With an endless amount of uncertainty in these modern times, it’s easy to assume the majority of us need to let off some steam. With all that is 2020 whirling through the inner-workings of our pysche, healthy and reliable coping mechanisms are certainly necessary. Music, throughout my life, has facilitated me with analyzing my highs and lows. Here are some of my 2020 thoughts, lyrically, through the song “Roddy” by the artist Djo.
Ironically enough in 2019 Djo, or Joe Keery, released a solo album by the name of “Twenty-Twenty.” My favorite track from said album, and possibly of the year, would have to be the song titled, “Roddy.” While not confirmed by Keery, Roddy can be defined as someone, or something, holding you back.
Many people have felt that pain this year due to all of the pandemic circumstances. As for me personally, I see Roddy as being the toxic past version of myself, or the shadow side I don’t allow touch light. I have struggled with my identity for years. In many ways that has held me back from becoming my true self. The lyrics state:
“There’s somethin’ wrong with this world; I feel it coming on; And contradictions take their toll; Is that where we went wrong? And somethin’ struck me; It struck me deep; It knocked me to my knees; Roddy, step on back from me.”
“So Man in the mirror; Make another home here; You’re put together but clear; You’re lacking substance not fear; So come right inside; Welcome to my new life; Separation in time; And I can’t keep it straight inside my head…”
At one point, I was at the base of a constant superficial battle within my head. I had these new ideas of who i wanted to be each changing of the season. While to me it felt clear, as in easily understandable, in reality it was clear in color, lacking meaning and substance. “A separation in time”, when relating to relativity (yes I’m going there…) refers to the need of maneuverability and balance.

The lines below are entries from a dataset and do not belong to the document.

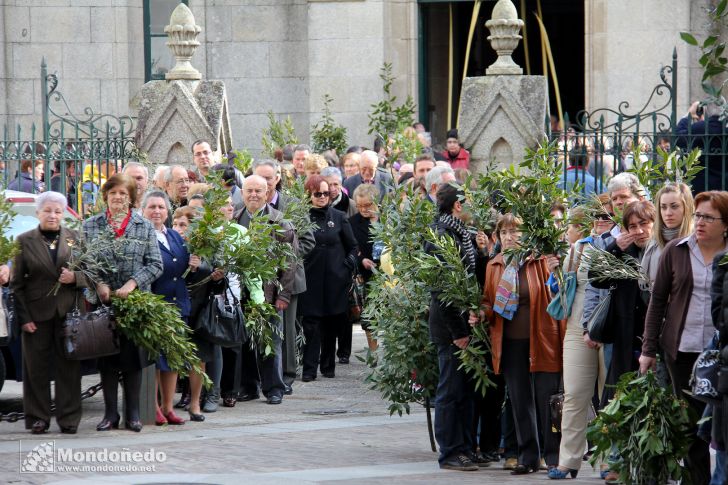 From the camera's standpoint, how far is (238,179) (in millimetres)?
15367

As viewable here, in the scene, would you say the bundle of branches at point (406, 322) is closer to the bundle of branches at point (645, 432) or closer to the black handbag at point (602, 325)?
the black handbag at point (602, 325)

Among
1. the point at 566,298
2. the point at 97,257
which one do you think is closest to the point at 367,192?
the point at 97,257

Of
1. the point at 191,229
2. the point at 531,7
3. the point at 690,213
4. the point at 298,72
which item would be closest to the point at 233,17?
the point at 298,72

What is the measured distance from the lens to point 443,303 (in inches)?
408

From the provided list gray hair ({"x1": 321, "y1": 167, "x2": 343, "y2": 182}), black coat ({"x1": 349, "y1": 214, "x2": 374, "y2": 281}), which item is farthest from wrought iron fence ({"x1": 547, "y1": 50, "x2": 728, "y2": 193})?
gray hair ({"x1": 321, "y1": 167, "x2": 343, "y2": 182})

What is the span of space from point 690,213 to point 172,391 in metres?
4.76

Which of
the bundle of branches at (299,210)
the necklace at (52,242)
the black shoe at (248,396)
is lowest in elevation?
the black shoe at (248,396)

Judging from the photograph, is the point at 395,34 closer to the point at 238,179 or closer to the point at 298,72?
the point at 298,72

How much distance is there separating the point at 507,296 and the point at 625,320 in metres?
0.85

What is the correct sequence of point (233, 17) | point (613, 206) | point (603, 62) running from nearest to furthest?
point (613, 206)
point (603, 62)
point (233, 17)

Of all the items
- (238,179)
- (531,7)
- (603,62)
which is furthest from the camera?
(531,7)

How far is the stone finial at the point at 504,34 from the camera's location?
17.0m

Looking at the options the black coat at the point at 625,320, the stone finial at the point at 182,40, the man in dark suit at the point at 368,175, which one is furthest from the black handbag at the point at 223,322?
the stone finial at the point at 182,40

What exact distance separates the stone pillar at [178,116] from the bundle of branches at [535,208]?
314 inches
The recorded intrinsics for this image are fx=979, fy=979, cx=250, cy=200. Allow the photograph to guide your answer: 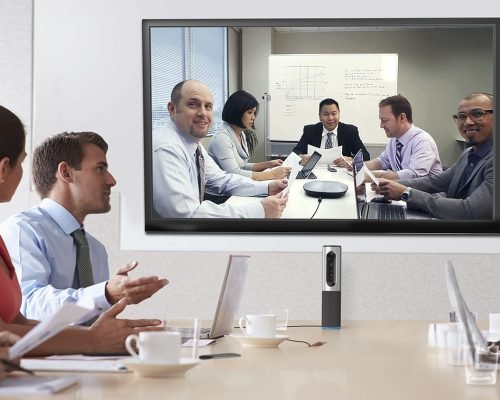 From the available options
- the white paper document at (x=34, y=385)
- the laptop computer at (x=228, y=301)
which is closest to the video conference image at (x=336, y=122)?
the laptop computer at (x=228, y=301)

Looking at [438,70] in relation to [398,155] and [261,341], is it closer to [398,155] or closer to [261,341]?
[398,155]

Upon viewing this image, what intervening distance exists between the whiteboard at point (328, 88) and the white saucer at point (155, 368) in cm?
339

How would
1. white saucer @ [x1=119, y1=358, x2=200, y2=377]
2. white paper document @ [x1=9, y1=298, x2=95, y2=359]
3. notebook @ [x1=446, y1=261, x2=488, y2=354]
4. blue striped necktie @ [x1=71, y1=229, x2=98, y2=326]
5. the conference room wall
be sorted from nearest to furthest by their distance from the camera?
1. white paper document @ [x1=9, y1=298, x2=95, y2=359]
2. white saucer @ [x1=119, y1=358, x2=200, y2=377]
3. notebook @ [x1=446, y1=261, x2=488, y2=354]
4. blue striped necktie @ [x1=71, y1=229, x2=98, y2=326]
5. the conference room wall

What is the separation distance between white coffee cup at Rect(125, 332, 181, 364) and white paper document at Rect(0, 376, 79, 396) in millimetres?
152

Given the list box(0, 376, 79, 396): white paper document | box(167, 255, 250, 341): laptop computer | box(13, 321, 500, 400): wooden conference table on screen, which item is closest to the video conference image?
box(167, 255, 250, 341): laptop computer

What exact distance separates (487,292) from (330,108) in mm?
1303

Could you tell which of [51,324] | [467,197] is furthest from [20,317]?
[467,197]

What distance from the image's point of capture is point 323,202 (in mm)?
5340

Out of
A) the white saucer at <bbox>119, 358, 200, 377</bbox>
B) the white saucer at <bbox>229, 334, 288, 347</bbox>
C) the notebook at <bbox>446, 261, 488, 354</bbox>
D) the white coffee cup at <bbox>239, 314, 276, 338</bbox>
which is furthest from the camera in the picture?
the white coffee cup at <bbox>239, 314, 276, 338</bbox>

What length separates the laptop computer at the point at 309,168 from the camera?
5.33 metres

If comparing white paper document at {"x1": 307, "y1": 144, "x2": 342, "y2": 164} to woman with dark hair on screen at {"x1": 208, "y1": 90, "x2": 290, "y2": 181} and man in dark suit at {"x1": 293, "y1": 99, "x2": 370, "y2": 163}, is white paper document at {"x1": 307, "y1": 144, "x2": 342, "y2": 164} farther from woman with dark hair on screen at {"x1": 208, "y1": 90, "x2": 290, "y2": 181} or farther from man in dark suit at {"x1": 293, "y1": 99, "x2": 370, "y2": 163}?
woman with dark hair on screen at {"x1": 208, "y1": 90, "x2": 290, "y2": 181}

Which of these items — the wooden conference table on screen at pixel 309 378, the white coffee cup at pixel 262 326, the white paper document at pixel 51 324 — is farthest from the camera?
the white coffee cup at pixel 262 326

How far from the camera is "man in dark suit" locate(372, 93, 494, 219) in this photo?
17.3ft

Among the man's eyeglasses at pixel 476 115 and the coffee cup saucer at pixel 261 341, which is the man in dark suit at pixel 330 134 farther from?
the coffee cup saucer at pixel 261 341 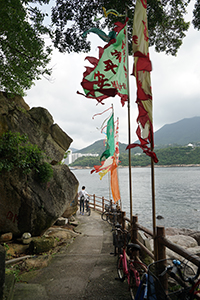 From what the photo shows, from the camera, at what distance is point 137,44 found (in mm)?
3293

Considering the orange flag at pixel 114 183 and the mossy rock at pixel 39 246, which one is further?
the orange flag at pixel 114 183

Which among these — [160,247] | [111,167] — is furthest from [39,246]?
[160,247]

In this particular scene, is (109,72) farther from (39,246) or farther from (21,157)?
(39,246)

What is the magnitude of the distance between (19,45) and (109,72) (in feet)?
11.6

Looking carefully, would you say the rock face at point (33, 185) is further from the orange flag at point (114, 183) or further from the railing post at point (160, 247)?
the railing post at point (160, 247)

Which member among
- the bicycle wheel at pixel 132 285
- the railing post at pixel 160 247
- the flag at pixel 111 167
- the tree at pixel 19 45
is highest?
the tree at pixel 19 45

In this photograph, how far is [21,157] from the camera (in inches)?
258

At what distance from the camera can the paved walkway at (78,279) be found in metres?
3.46

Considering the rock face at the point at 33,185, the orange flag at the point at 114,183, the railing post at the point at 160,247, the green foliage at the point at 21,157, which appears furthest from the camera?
the orange flag at the point at 114,183

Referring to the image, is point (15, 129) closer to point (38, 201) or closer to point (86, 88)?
point (38, 201)

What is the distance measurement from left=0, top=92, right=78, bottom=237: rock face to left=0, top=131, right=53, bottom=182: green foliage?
10.6 inches

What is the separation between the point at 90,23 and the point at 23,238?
299 inches

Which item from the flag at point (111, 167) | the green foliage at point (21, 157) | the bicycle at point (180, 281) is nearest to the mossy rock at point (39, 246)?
the green foliage at point (21, 157)

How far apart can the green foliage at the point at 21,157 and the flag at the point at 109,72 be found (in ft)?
11.6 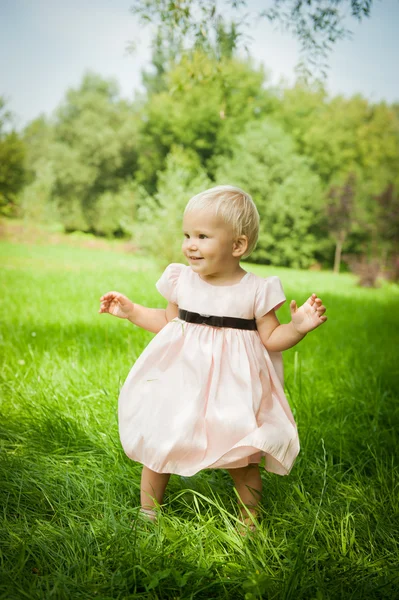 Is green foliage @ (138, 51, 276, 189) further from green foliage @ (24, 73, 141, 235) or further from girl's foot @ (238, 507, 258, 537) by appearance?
girl's foot @ (238, 507, 258, 537)

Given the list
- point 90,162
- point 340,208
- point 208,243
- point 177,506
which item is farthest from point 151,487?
point 90,162

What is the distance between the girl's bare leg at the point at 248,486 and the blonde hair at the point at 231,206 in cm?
81

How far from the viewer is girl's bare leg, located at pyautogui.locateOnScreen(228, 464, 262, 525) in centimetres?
177

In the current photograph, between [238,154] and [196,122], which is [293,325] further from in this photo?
[196,122]

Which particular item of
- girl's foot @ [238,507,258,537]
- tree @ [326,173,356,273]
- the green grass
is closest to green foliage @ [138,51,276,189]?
tree @ [326,173,356,273]

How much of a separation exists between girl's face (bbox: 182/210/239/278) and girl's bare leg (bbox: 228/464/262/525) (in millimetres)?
691

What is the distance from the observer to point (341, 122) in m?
23.7

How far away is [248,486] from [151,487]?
331 millimetres

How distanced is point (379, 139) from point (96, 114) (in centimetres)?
1311

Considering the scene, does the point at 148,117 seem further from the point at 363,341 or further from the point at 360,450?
the point at 360,450

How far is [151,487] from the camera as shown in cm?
176

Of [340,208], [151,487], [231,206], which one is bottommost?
[151,487]

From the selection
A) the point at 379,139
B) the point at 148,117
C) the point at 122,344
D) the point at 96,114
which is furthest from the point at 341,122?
the point at 122,344

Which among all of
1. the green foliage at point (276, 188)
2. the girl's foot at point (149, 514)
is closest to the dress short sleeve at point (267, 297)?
the girl's foot at point (149, 514)
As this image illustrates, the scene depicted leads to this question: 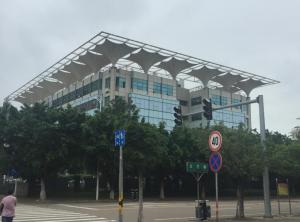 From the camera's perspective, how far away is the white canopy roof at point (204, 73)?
81.4m

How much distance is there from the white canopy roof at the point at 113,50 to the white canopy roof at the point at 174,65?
32.6 feet

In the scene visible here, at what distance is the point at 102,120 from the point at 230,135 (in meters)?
20.5

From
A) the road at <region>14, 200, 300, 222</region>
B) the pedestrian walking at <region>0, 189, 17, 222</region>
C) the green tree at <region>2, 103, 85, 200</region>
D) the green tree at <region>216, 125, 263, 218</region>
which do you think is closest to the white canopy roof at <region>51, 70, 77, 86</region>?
the green tree at <region>2, 103, 85, 200</region>

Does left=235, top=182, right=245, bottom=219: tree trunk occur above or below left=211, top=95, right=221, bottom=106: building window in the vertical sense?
below

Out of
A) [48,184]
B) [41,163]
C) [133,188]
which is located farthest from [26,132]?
[133,188]

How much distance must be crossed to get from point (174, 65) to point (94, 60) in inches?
582

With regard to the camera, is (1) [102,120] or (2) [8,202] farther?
(1) [102,120]

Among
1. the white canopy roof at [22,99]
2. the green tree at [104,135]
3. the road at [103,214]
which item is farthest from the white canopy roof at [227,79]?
the road at [103,214]

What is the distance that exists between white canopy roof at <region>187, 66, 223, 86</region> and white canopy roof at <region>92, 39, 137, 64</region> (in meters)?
17.7

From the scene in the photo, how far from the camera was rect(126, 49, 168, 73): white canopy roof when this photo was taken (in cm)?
7157

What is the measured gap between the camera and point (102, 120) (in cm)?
4097

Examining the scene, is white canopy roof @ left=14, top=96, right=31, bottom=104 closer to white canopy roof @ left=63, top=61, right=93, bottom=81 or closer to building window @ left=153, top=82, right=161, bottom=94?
white canopy roof @ left=63, top=61, right=93, bottom=81

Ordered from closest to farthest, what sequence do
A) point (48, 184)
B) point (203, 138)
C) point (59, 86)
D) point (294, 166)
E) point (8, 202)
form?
point (8, 202), point (203, 138), point (294, 166), point (48, 184), point (59, 86)

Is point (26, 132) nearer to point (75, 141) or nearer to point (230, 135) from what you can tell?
point (75, 141) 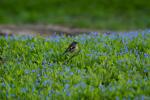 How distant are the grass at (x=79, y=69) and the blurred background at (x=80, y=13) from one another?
15065mm

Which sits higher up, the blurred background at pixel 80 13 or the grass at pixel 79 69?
the blurred background at pixel 80 13

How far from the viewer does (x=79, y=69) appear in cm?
845

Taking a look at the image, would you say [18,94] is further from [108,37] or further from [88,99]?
[108,37]

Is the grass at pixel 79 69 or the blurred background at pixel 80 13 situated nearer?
the grass at pixel 79 69

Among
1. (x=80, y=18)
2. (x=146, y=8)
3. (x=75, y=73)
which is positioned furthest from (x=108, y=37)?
(x=146, y=8)

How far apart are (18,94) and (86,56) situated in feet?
6.96

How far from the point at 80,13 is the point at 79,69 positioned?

One must be multifaceted throughout life. Balancing the ascent, the the flight, the turbulence, and the landing is a key part of understanding what life is in a sense. Without a solid structure of self, I struggled with this balance, and still do in many ways. At times I could not “keep it straight inside my head.” Luckily, I’ve realized this, and I have been making clear strides in order to search for my honest self. Keery States:
“Cuttin’ the page; Things are looking up; That time is out of my reach; One drink’s what lead to the change; Out on my own; Kicked out of the show; I’ll take what’s mine and I’ll go.”
I’ve seen 2020 as a year of great pain, however, from this pain arises change, necessary change that is. Encountering challenging situations helps to improve ourselves at our core, and I am grateful for the turbulence. I no longer wish to be a performative version of myself. I want to “take mine and go.”
This year has been a retrograde for us all. Astrologically, a retrograde refers to a time period when a planet appears to be moving in reverse orbit. In reality, that is all an illusion. While 2020 has brought forth great struggle for many, I see this as a time to stimulate an authentic rebirth of ourselves, and of the world as we know it. Keery ends it with:
“Ending Retrograde; I told you mistakes were made; We’re ending retrograde; I told you mistakes were made; We’re in; Retrograde; Retrograde.”